Minnesota will need more caregivers in order to support its aging population, but it’s difficult to recruit and retain direct support professionals – including personal care assistants – to serve people who are elderly or have a disability.

The problem isn’t limited to any one region, but has impacted communities across the state, Alex Bartolic, director of the Disability Services Division at the Department of Human Services, told the House Long-Term Care Division Monday.

In Minnesota, the number of empty direct support professional jobs started to increase dramatically around 2010, reaching a 20-year high in 2017 that is expected to continue or worsen, with thousands of more direct support professionals needed in the coming years, said Kari Benson, DHS director of the Aging and Adult Services Division.

“Some of it is just plain demographics” as Baby Boomers age and fewer people enter the workforce, Bartolic said.

But direct support professionals also earn less than people in jobs that have similar requirements when it comes to both education and work experience.

House Long-Term Care Division 1/14/19

According to Bureau of Labor Statistics, the hourly mean wage for personal care aides in Minnesota is about $11.83, and $12.69 for home health aides. In contrast, the hourly mean wage for bus drivers is $15.97, $17 for office clerks, and $18.51 for customer service representatives.

[WATCH: Full video of Monday's House Long-Term Care Division meeting]

Nationally, about 45 percent of direct support professionals live in households below 200 percent of the federal poverty level and in 2015, more than half relied on some sort of public assistance, according to the presentation.

Low pay remains a factor in high turnover rates for direct support professionals: 38.8 percent over a 12-month period, according to an interim DHS survey.
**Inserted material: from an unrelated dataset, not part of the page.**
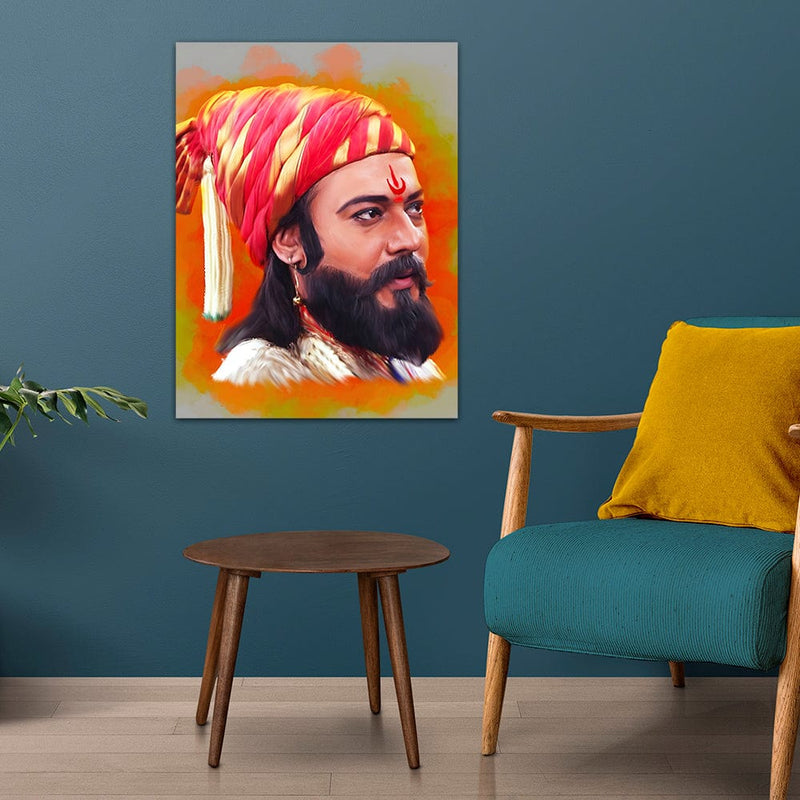 DecorGlance Rectangle painting Shivaji Maharaj Canvas Wall Painting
In 2018, the Cross-Agency Direct Care and Support Workforce Shortage Working Group recommended increased wages and/or benefits as the top way to improve recruitment, job satisfaction, and retention, Bartolic said.

Direct support professionals are key in providing long-term services and supports as the focus of care continues to shift from institutions – like nursing homes – to programs that help people who are elderly have a disability remain in their homes and involved in their communities. This “home and community-based” approach is more cost-efficient than, and preferred to, institutional alternatives, Benson said.

There is no single, easy solution to workforce shortages and addressing the issue will require collaboration between many groups, but the Legislature can make a difference through both policy and fiscal measures, Bartolic said.

DHS contracted with the University of Minnesota to conduct a one-time voluntary workforce survey in 2018 that should be released this winter, but would like the authority and resources to gather additional data to better track the issue and the effectiveness of solutions, Bartolic and Benson said.

These solutions could include the establishment of a rate-setting methodology for Personal Care Attendant services, fully implementing other rate-setting methods for Elderly Wavier services, and initiatives to raise wages for people providing Home and Community-Based Services, they said.

Division Chair Rep. Jennifer Schultz (DFL-Duluth) expressed her hope that the subcommittee will be able to find bipartisan solutions to the issues coming before them over the course of this session.